In a 1 July report published by the left-wing Haaretz newspaper, military affairs commentator Amos Harel argued that Egypt’s generals see Israel as “an important partner” in the war on extremist Islamist groups, adding that the generals “show enthusiasm for cooperation with Israel and feel positive about this”.

However, a strategic partnership between Egypt and Israel goes beyond security and military cooperation to take the form of regional cooperation. For example, an alliance of sorts exists between Egypt, Israel, Greece, and Cyprus but explicitly excludes Turkey. On 30 April 2015, Walla! quoted Israeli officials as saying that the common denominator between the four countries is their hostility towards Turkey and their intent to explore the gas fields in the Mediterranean Sea.

The clearest evidence of the thaw in Egyptian-Israeli relations was el-Sisi’s decision in late June to appoint a new Egyptian ambassador to Tel Aviv. The move coincided with Europe’s growing criticism of Israeli settlement activities and Israel’s failure to reach a political settlement over the conflict with the Palestinians as well as escalating efforts by the global Boycott, Divestment, and Sanctions campaign to force Israel to end the occupation of Palestinian land.

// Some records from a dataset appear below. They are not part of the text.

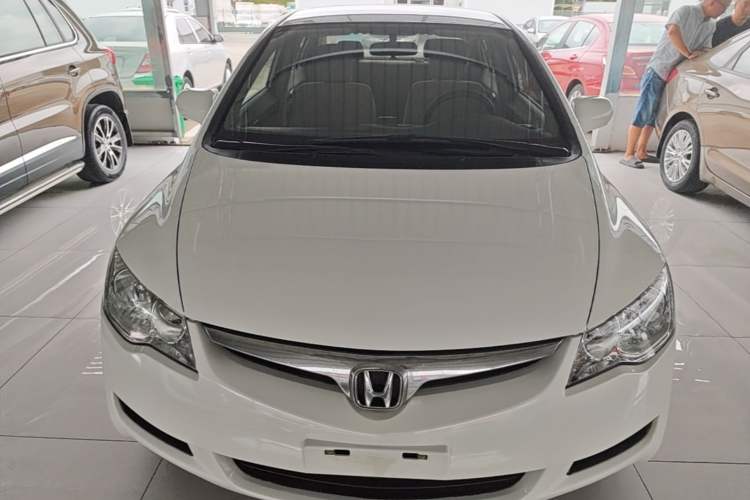 Used CIIMO 2015 1.8L Automatic Comfort Edition Front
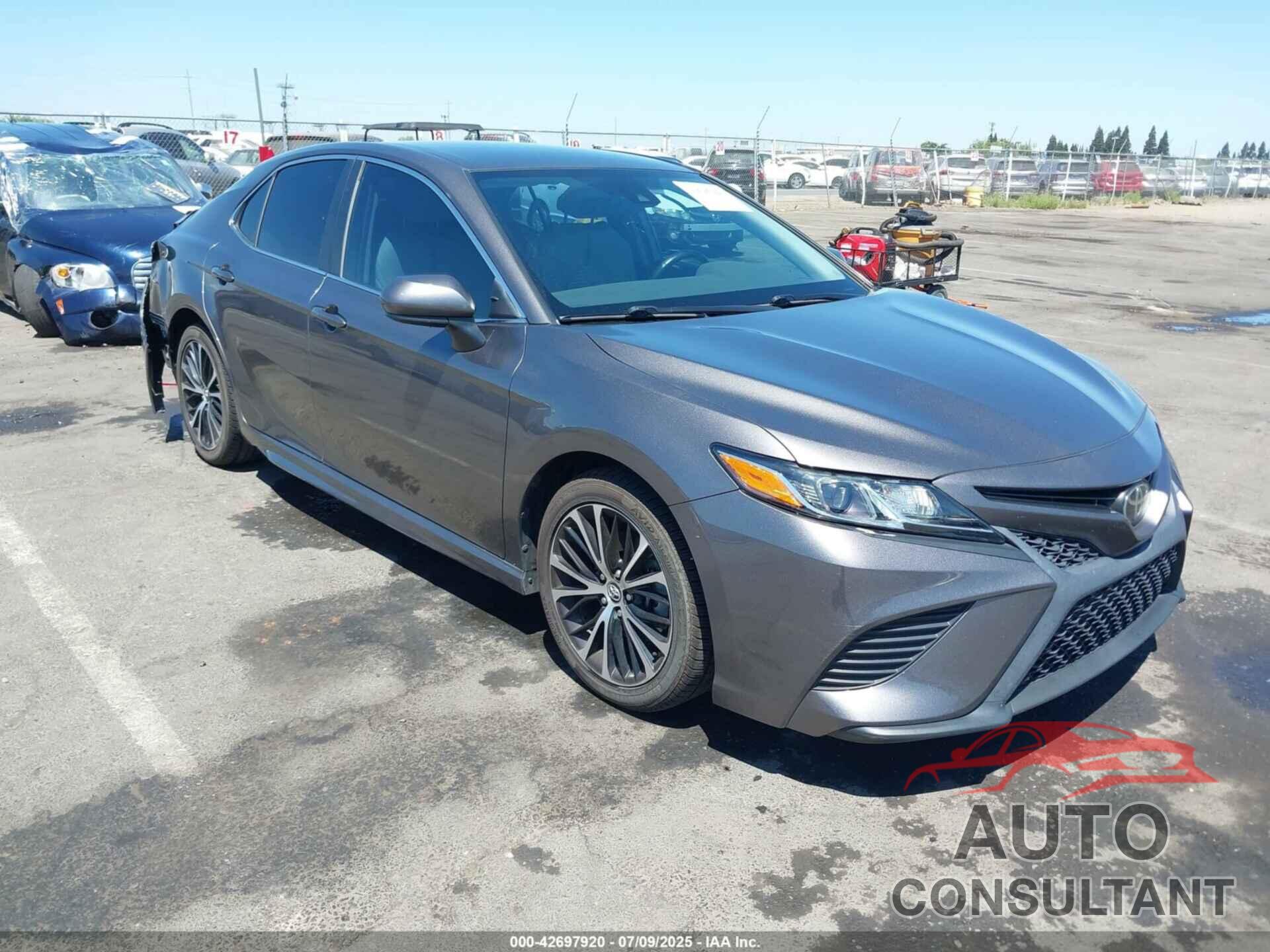 TOYOTA CAMRY 2019 - 4T1B11HK3KU275404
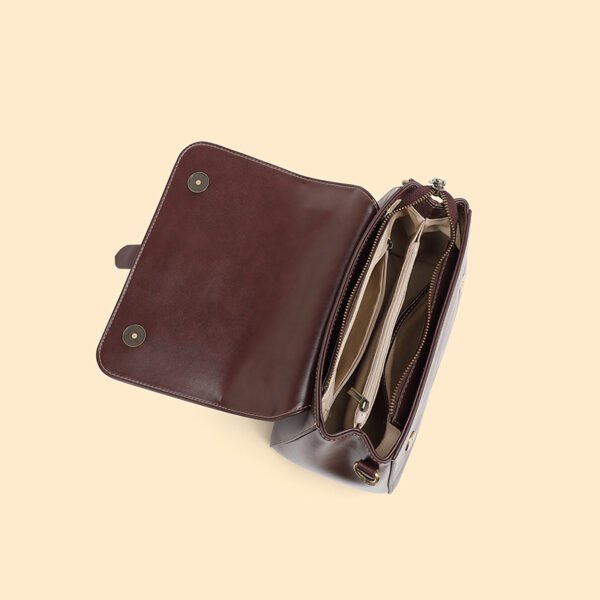 Vegetable-Tanned Leather Shoulder Tote — Elegant Structured Handbag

It is hardly surprising, therefore, to see Israel helping el-Sisi’s regime to gain international legitimacy. US and Israeli media have revealed that Israel and the Israel lobby exerted tremendous pressure on both the US administration and Congress not to call el-Sisi’s rise to power a military coup. Israel also convinced the US Senate to back down from its objection to provide Egypt with Apache helicopters to fight jihadists in Sinai. Israel’s intervention to secure US weapons for an Arab country is unprecedented in the history of the region and proof of the dramatic changes that have followed Egypt’s Arab Spring.